DESCRIPTION OF THE TASK:
All of the data needs to be reproduced with no alterations.

[Data extracted from a collection]

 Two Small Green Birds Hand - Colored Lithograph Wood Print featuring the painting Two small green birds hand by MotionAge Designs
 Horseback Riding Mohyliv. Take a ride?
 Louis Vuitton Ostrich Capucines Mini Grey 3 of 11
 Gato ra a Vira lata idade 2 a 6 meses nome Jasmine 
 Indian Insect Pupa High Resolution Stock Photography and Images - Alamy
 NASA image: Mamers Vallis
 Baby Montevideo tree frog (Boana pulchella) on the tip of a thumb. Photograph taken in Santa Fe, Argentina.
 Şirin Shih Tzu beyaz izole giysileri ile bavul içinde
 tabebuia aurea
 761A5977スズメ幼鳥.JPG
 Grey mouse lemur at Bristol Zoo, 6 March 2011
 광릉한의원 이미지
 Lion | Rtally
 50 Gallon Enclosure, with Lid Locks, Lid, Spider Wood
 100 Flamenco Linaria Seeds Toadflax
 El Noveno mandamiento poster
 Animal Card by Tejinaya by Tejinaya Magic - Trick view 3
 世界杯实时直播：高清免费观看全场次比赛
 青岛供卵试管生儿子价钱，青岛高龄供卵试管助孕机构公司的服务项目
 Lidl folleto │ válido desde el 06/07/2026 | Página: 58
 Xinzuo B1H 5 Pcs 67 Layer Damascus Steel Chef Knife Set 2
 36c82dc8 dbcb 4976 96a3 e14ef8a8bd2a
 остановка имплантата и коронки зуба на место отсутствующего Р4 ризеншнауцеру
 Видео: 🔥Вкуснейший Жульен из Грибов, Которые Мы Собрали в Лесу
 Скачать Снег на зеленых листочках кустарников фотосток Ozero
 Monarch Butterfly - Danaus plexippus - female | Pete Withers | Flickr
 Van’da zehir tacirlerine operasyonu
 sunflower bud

EXERCISE OUTPUT:
 Two Small Green Birds Hand - Colored Lithograph Wood Print featuring the painting Two small green birds hand by MotionAge Designs
 Horseback Riding Mohyliv. Take a ride?
 Louis Vuitton Ostrich Capucines Mini Grey 3 of 11
 Gato ra a Vira lata idade 2 a 6 meses nome Jasmine 
 Indian Insect Pupa High Resolution Stock Photography and Images - Alamy
 NASA image: Mamers Vallis
 Baby Montevideo tree frog (Boana pulchella) on the tip of a thumb. Photograph taken in Santa Fe, Argentina.
 Şirin Shih Tzu beyaz izole giysileri ile bavul içinde
 tabebuia aurea
 761A5977スズメ幼鳥.JPG
 Grey mouse lemur at Bristol Zoo, 6 March 2011
 광릉한의원 이미지
 Lion | Rtally
 50 Gallon Enclosure, with Lid Locks, Lid, Spider Wood
 100 Flamenco Linaria Seeds Toadflax
 El Noveno mandamiento poster
 Animal Card by Tejinaya by Tejinaya Magic - Trick view 3
 世界杯实时直播：高清免费观看全场次比赛
 青岛供卵试管生儿子价钱，青岛高龄供卵试管助孕机构公司的服务项目
 Lidl folleto │ válido desde el 06/07/2026 | Página: 58
 Xinzuo B1H 5 Pcs 67 Layer Damascus Steel Chef Knife Set 2
 36c82dc8 dbcb 4976 96a3 e14ef8a8bd2a
 остановка имплантата и коронки зуба на место отсутствующего Р4 ризеншнауцеру
 Видео: 🔥Вкуснейший Жульен из Грибов, Которые Мы Собрали в Лесу
 Скачать Снег на зеленых листочках кустарников фотосток Ozero
 Monarch Butterfly - Danaus plexippus - female | Pete Withers | Flickr
 Van’da zehir tacirlerine operasyonu
 sunflower bud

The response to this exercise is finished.